(STORED DATA)
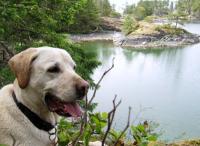 My trusty companion, Toby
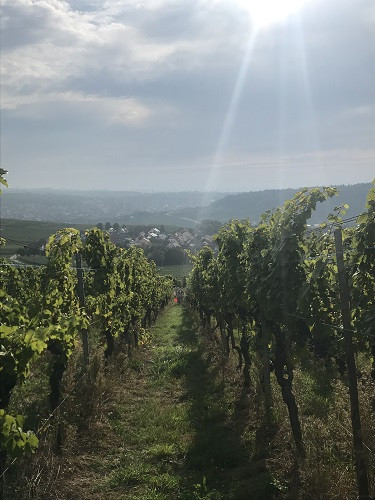 Weingut Eisele in Hessigheim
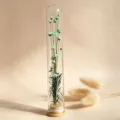 Glas-Reagenzglas Trockenblumen Deko, mintgrüne Schleierkraut Mini-Blumen im Glasvasen-Design. - Hellblauer Stern Wunsch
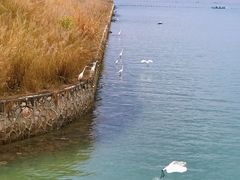 -碧桂园十里银滩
(End STORED DATA)
Please reproduce all the material exactly. Pictures stay out of the copy.

 My trusty companion, Toby
 Weingut Eisele in Hessigheim
 Glas-Reagenzglas Trockenblumen Deko, mintgrüne Schleierkraut Mini-Blumen im Glasvasen-Design. - Hellblauer Stern Wunsch
 -碧桂园十里银滩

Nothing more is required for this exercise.